Broad Footprint. The company has architected a distributed and interconnected portfolio of data centers that delivers a high density of compute close to major population centers, thereby minimizing latency for end users. The company’s portfolio covers cities spanning the United States and is rapidly expanding into new markets in Europe, delivering high-compute capacity to regions that are capacity constrained.
Massive Scale. Delivering highly performant and flexible infrastructure means building high capacity data centers that can quickly scale from tens to hundreds of megawatts in response to burst workloads, i.e., sudden surges in demand. The company leverages dark fiber connectivity to deliver rapid and efficient inter-data-center connectivity and enable customer workloads to burst across regions. By connecting multiple active purpose-built data centers with high speed interconnects, the company delivers the flexible compute required for large scale supercomputers optimized for AI workloads, and can scale this compute to match the company’s customers’ needs.
Embedded Security. The company reinforces its infrastructure with industry leading security standards and certifications, including SOC 2 and ISO 27001, to ensure that customers are met with the most robust data security practices. The company’s security measures also extend to its physical security, where the company employs rigorous standards around background checks, access control, security awareness training, and a zero-trust framework. This multi-layered approach ensures a secure, resilient operating environment at every level of the company’s data centers.
Altogether, these design considerations have enabled the company to deliver some of the most performant, efficient, and secure infrastructure deployments in the industry, at unprecedented scale. The company’s innovation also extends beyond the physical hardware and infrastructure powering the company’s data centers to the supporting software and infrastructure services. This allows customers to run their AI jobs without the burden of managing the underlying infrastructure themselves.
As of December 31, 2024, the company had more than 360 MW of active power and approximately 1.3 GW of total contracted power. This includes 32 cutting-edge data center facilities in the United States across 15 states, as well as facilities in three countries. Importantly, the company’s power capacity is available in large individual deployments that are capable of serving large infrastructure clusters, which is critical for the company’s larger customers.
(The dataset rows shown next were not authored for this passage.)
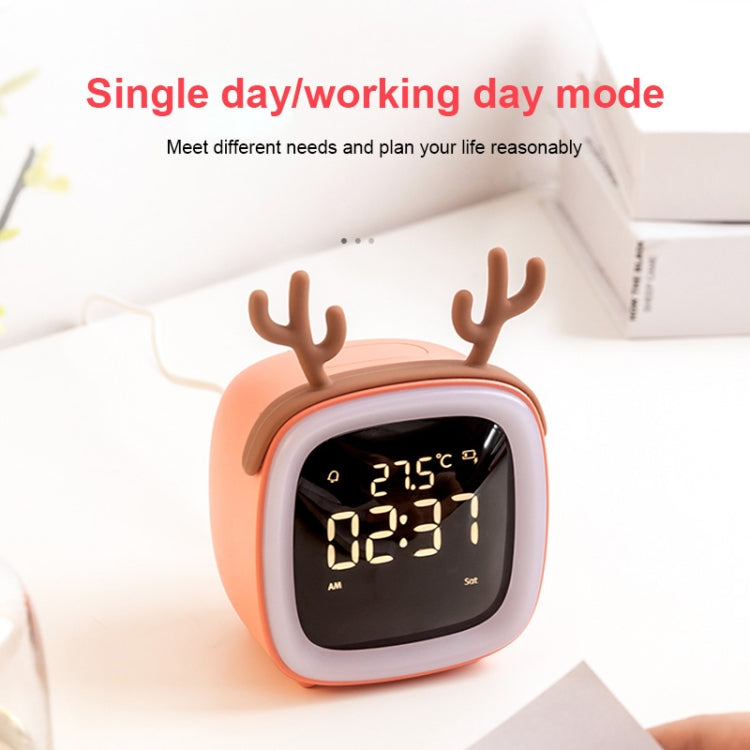 Cartoon Deer Shape Children Snooze Multifunctional USB Rechargeable Student LED Alarm Clock(Blue) - free shipping - PMc TechLife - Order now!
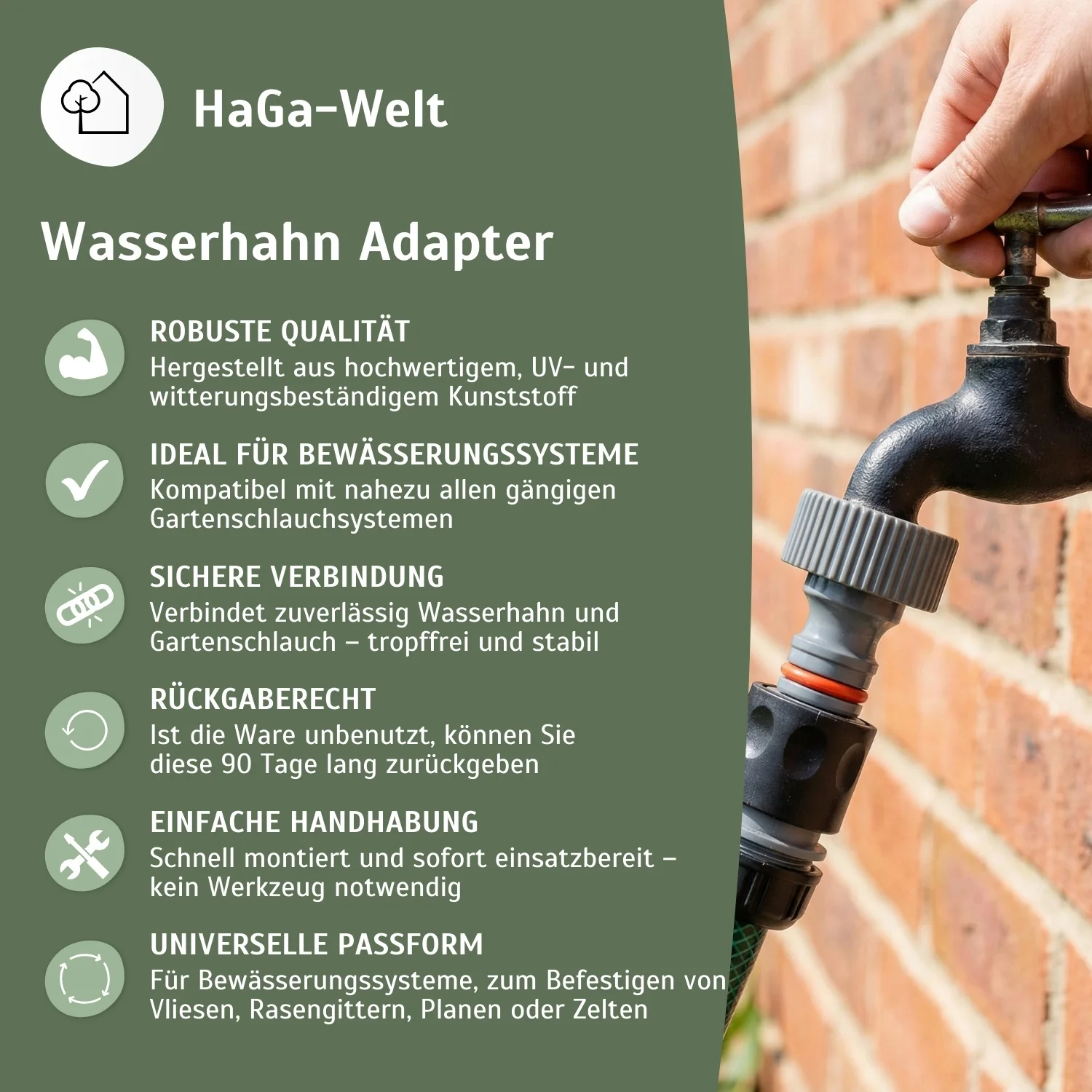 Gartenschlauch-Adapter Wasserhahn - perfekter Schlauchverbinder zwischen Gartenschlauch und Wasseranschluss - Image 4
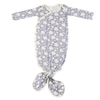 Lavender floral baby knotted gown with white trim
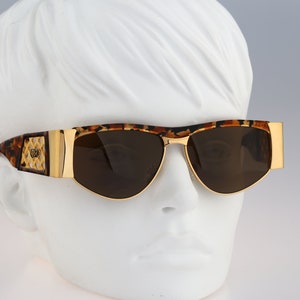 Brill Arte BA 1013 2, Vintage 90s unique gold & tortoise browline cat eye sunglasses women NOS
In May 2024, the company opened its European headquarters in London to help facilitate the company’s expansion to Europe. The company’s initial expansion to Europe includes five sites in the United Kingdom, Spain, and Sweden. In June 2024, the company announced an investment to expand in Spain and Sweden and launch in Norway, which the company expects will more than double the company’s MW of capacity by the end of 2025.
Customers
The company offers a solution used by organizations of all sizes that require sophisticated AI compute, from the largest of enterprises to small, well-funded start-ups. The company’s customers today are segmented into two key verticals: AI Natives and AI Enterprises. Companies within these verticals include the builders of AI, the integrators of AI, and those that have business models whose success largely hinges on deploying AI capabilities in their core products and technology stack. The company’s differentiation lies in the specialized AI infrastructure that the company delivers and makes accessible to its customers on Day 1, which enables them to accelerate their time to market and achieve lower total costs of ownership. The company shifts the entire burden of managing infrastructure from the company’s customers to its platform, allowing them to spend more time building models, serving models, or focusing on critical strategic priorities such as growing their customer base or developing their product roadmaps.
Customer Verticals
The company’s customers include:
AI Natives: Customers whose core competency and singular focus is AI. These companies serve as important layers of abstraction for the market and enable end customers across industries to unlock the power of AI by accessing the power of foundational models. This vertical includes:
AI Labs: Research organizations building their own foundational models through proprietary datasets, and creating products to deliver those models to the market. While these labs have tended to focus more on building general-purpose models, industry-specific AI labs, such as the AI cluster at the Chan Zuckerberg Initiative Foundation supporting research in the life sciences, are expected to become a growing part of this segment. These AI labs deliver their general purpose models or custom versions of those models via APIs to businesses of all shapes and sizes in order to power a growing range of applications. The company’s AI Lab customers include, among others, Cohere and Mistral AI.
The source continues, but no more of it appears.